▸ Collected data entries
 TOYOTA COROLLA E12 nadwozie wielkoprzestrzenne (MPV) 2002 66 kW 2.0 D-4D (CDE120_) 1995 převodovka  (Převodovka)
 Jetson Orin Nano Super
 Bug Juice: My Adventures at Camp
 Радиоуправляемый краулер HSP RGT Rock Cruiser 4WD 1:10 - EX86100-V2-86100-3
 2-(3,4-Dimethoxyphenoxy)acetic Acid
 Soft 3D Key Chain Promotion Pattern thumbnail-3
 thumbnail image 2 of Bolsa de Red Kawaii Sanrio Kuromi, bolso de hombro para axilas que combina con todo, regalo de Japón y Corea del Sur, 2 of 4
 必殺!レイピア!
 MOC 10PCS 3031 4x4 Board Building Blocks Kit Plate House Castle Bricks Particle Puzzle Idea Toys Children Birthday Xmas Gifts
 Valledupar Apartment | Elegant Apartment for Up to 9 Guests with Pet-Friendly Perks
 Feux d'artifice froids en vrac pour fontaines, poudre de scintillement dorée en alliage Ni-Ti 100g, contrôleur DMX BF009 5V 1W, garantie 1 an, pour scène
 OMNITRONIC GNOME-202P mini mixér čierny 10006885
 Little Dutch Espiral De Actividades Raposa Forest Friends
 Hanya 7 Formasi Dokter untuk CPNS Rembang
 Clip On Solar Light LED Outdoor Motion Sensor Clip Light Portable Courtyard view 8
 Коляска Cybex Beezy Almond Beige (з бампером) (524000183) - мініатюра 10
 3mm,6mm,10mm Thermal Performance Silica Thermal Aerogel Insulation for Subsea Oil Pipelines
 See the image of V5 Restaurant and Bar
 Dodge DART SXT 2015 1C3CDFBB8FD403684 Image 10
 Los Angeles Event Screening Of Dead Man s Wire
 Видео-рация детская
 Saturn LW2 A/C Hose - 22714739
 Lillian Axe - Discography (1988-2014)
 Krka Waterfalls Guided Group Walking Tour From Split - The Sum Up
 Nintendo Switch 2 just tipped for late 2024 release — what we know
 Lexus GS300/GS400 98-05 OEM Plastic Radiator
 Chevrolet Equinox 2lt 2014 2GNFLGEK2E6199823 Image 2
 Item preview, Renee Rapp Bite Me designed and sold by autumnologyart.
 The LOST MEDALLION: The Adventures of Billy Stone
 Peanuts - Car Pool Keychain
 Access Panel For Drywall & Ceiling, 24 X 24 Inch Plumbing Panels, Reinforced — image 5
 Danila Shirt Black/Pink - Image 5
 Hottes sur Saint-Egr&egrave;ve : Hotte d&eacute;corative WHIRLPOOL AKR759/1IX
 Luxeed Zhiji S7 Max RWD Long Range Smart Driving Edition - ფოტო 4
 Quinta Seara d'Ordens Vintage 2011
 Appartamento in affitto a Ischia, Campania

▸ EXERCISE DETAILS
Transcribe each line of the data above, unaltered, from the one where "Los Angeles Event" appears to the one where "Peanuts - Car Pool Keychain" appears, inclusive of both.

▸ WRITTEN RESPONSE
 Los Angeles Event Screening Of Dead Man s Wire
 Видео-рация детская
 Saturn LW2 A/C Hose - 22714739
 Lillian Axe - Discography (1988-2014)
 Krka Waterfalls Guided Group Walking Tour From Split - The Sum Up
 Nintendo Switch 2 just tipped for late 2024 release — what we know
 Lexus GS300/GS400 98-05 OEM Plastic Radiator
 Chevrolet Equinox 2lt 2014 2GNFLGEK2E6199823 Image 2
 Item preview, Renee Rapp Bite Me designed and sold by autumnologyart.
 The LOST MEDALLION: The Adventures of Billy Stone
 Peanuts - Car Pool Keychain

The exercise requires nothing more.